Like many Australians before us, we make the pilgrimage to Gallipoli to tour the Anzac sites and Ottoman monuments to assess the significance of this campaign in forming a potent nationalistic symbol for both Turks and Australians. We will take a picnic lunch to the battlefields. Rug up! (Overnight Eceabat) BL

Bursa - 3 nights

Day 14: Sunday 9 December 2018, Eceabat – Çanakkale – Troy – Assos – Bursa
  • Çanakkale
  • Troy
  • Thermal bath, Çekirge, Bursa (optional)

We leave the Gallipoli Peninsula and catch the first ferry across the Dardanelles to Çanakkale on the Asian shore, glimpsing the mighty Ottoman castles of Seddülbahır and Kılıtbahır in Europe and Kale-i Sultaniye in Asia (1452). Before heading for our next destination of Bursa we detour to Troy to conjure up Homer’s Iliad.
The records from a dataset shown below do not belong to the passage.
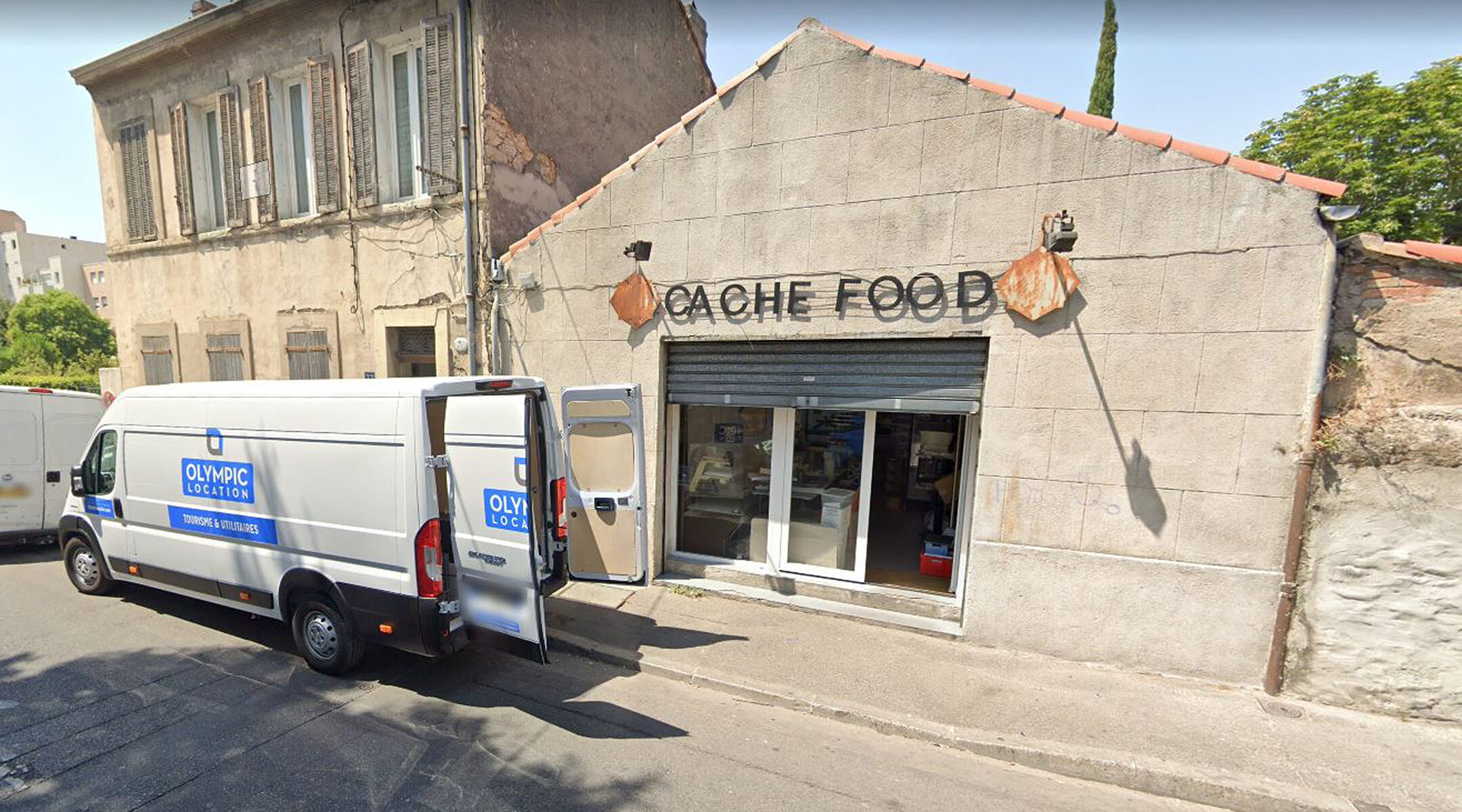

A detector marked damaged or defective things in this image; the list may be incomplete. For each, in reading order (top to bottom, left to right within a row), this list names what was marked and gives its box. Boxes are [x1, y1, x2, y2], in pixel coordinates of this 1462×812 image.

peeling plaster wall [485, 0, 713, 254]
peeling plaster wall [503, 25, 1339, 686]
peeling plaster wall [1286, 244, 1462, 721]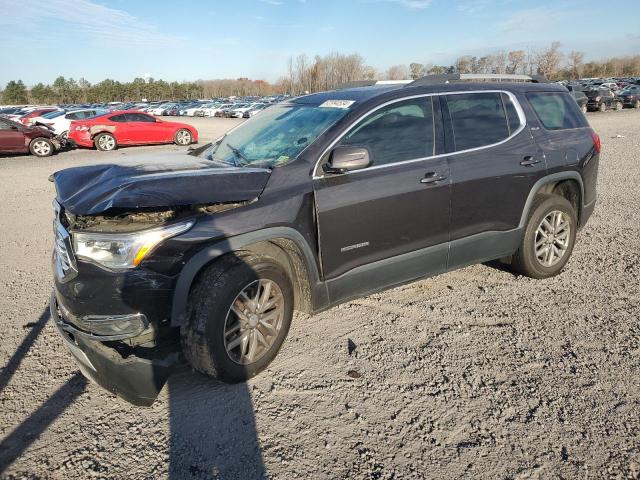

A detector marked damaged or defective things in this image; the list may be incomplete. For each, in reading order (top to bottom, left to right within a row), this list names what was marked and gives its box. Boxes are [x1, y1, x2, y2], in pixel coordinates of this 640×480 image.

wrecked red car [0, 115, 63, 157]
wrecked red car [67, 110, 198, 150]
crumpled hood [50, 153, 270, 215]
damaged headlight [72, 219, 192, 268]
After our bus journey to Çekirge, a suburb in Bursa, the intrepid among us may wish to visit the hot springs in the basement of the hotel. There are other options of taking a hot-spring bath in the Old Thermal Baths (or Eski Kaplıca, a Byzantine bath re-built by Hüdavenigar I Murad, 1380s, now in Kervansaray Termal Oteli; better facilities for women) or in the New Thermal Baths (Yeni Kaplica, C16th: better for men) in Bursa’s thermal district of Çekirge. (Overnight Bursa) BD

Day 15: Monday 10 December 2018, Bursa
  • Morning Lecture: Ottoman Social Order
  • Holy Mosque (Ulu Cami) of Yıldırım Sultan I Bayezit
  • Green Mosque and Tomb (Yesil Cami & Türbe) of Sultan Mehmet I Çelebi
  • Museum of Turkish and Islamic Art
  • Emir and Koza Hans & adjacent markets

Set in a lush valley at the foot of a snow-capped mountain, Bursa was the first capital of the Ottoman Turks (1326-68) and home to important early Ottoman monuments. We visit the Holy Mosque (Ulu Cami 1395) of Yıldırım Sultan I Bayezit, the Selçuk-inspired Green (Yesil) Mosque and Green Mausoleum of Mehmet I Çelebi (1413-24) and the nearby Museum of Turkish and Islamic Art.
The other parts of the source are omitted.